In fact, the company announced yesterday that it has dropped the 'merchant'
from its name and will now be known as PanCaribbean Bank.
Henry Pratt, who headed PCMB, will continue to run the new bank, which
is capitalised at $3.3 billion.
"We will complete our conversion on June 23 and our branches will
be open as usual to our customers and the general public, offering new
commercial banking products and services," Pan Caribbean said in
its statement.
"Our official launch activities will begin early July."
Pan Caribbean group, which has assets of about $50 billion, will become
the seventh Jamaican commercial bank, still shy of the 11 that existed
prior to the mid-1990s meltdown of the financial sector, which saw the
collapse of several banks and insurance companies.
At the time of the financial sector crash, there were more than 30 merchant
banks in the market.
In the wake of fallout, several of the ailing banks, the portfolio cleansed
of bad debts acquired by the Government, were merged and sold off.
The emerging philosophy in the aftermath of the crisis, that cost taxpayers
over $140 billion, was to frown upon financial services conglomerates
- or that there should be clear divisions between the various parts of
their operations.
But those positions, if not changed, are now less rigid, leading to the
Government's willingness to consider granting commercial banking licences
to entities that, like Pan Caribbean, offer a range of finance-related
services, including stock and bond trading.
In fact, the finance minister, Audley Shaw, is now considering a commercial
banking licence for Jamaica Money Market Brokers (JMMB), the island's
largest bond traders.
At a recent JMMB investor briefing, Shaw had said that Jamaica could
do well with greater competition in the commercial banking sector.

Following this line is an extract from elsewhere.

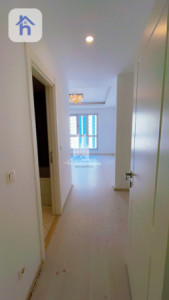 Spacious Apartment in Empire Wings Resim 6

While Shaw only formally signed off on the issuing of Pan Caribbean's
licence on June 10, the previous administration had signalled before it
left office last September that the firm would get the green light - a
path continued by Shaw when he assumed the portfolio.
Granted April 2006
Indeed, approval for the licence was granted back in April 2006 by former
Finance Minister Dr Omar Davies.
The bank has existing branches in Kingston, Montego Bay, Mandeville,
Savanna-la-Mar and Ocho Rios.
Pan Caribbean's CEO, Donovan Perkins, told shareholders at the company's
recent annual general meeting that the conversion to a commercial bank
cost $200 million, with the bulk of the money spent on technology infrastructure.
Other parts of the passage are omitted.